El estudio se centró en la modificación de genes específicos que regulan la producción de histamina durante la fase de maduración. Los autores del trabajo identificaron tres genes clave vinculados a este proceso: SlHDC1, SlHDC2 y SlHDC3. Según los datos obtenidos, la actividad de estos genes se intensifica a medida que el tomate alcanza su punto óptimo de consumo, elevando la concentración del compuesto.
Mediante el uso de la herramienta CRISPR, se crearon diferentes líneas de plantas mutantes para evaluar el comportamiento de cada gen. Los resultados determinaron que el gen SlHDC1 desempeña el papel más crítico en la acumulación de esta sustancia. Al intervenir sobre él, los investigadores lograron regular la síntesis de histamina de manera efectiva y dirigida.

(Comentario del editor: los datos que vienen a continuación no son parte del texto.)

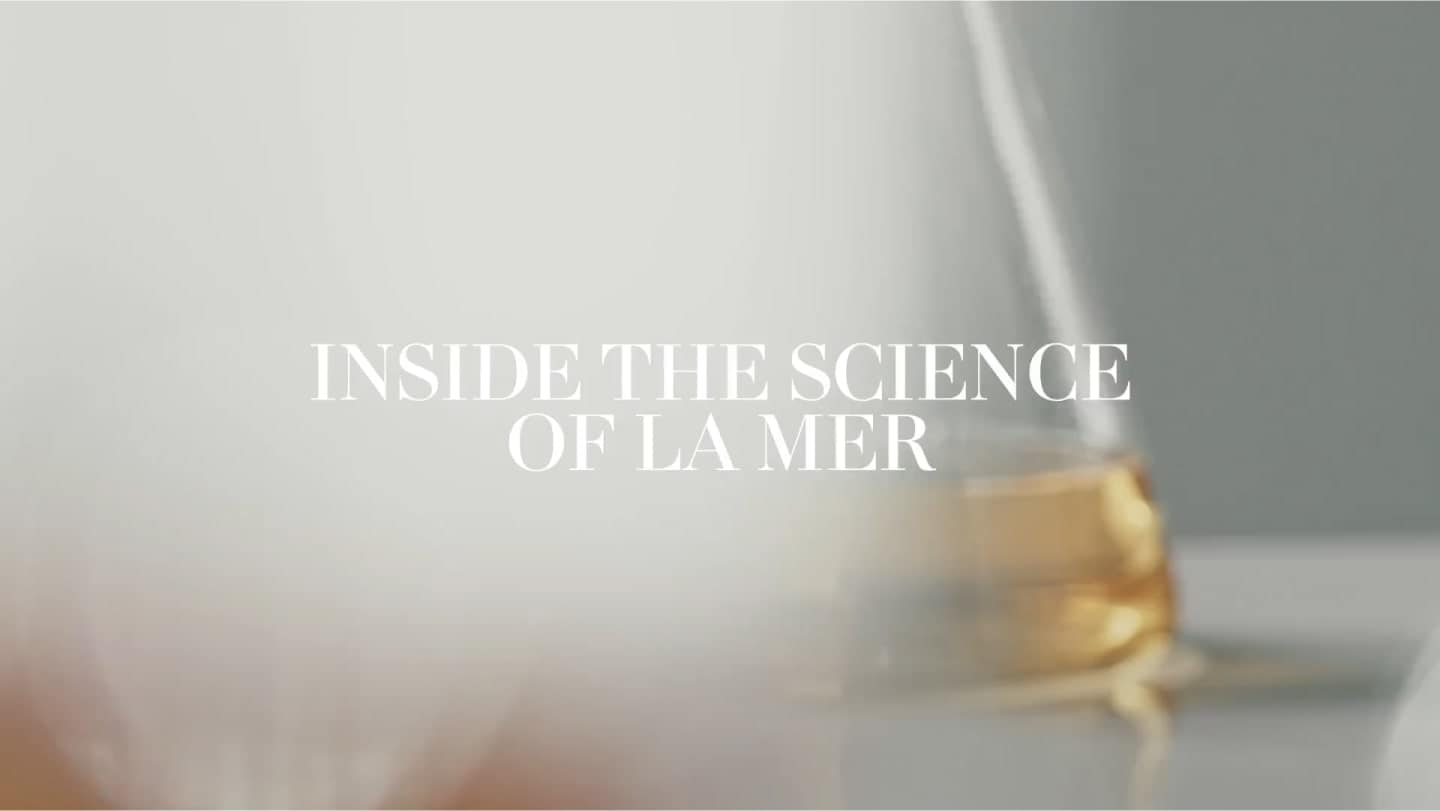 blurred photograph of a beaker with the copy 'inside the science of la mer' across the banner.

Uno de los aspectos más relevantes del informe es que todas las plantas modificadas presentaron niveles de histamina significativamente menores en sus frutos maduros. Este descenso se logró de forma limpia, manteniendo la integridad del cultivo en todas sus fases de desarrollo y sin observar efectos negativos en la fisiología de la planta.
La investigación confirma que es posible obtener variedades con bajo contenido en histamina manteniendo un rendimiento productivo y un crecimiento normal. Los resultados muestran que los ejemplares mutantes no presentan diferencias morfológicas ni de productividad respecto a las variedades convencionales, lo que facilita su potencial escalabilidad técnica.
Estos hallazgos ofrecen una estrategia prometedora para el desarrollo de nuevos cultivares de tomate que minimicen los riesgos para los consumidores con intolerancias. El uso de la edición genética se perfila así como una herramienta eficaz para mejorar la calidad nutricional y la seguridad de los productos hortofrutícolas sin comprometer la rentabilidad del agricultor.
El estudio concluye que la desactivación precisa de estos genes permite controlar la composición química del fruto de forma estable. Esta investigación ha sido llevada a cabo por expertos de la Universidad Nacional de Chonnam, quienes proponen este modelo como una solución viable para la industria del tomate procesado y de consumo en fresco.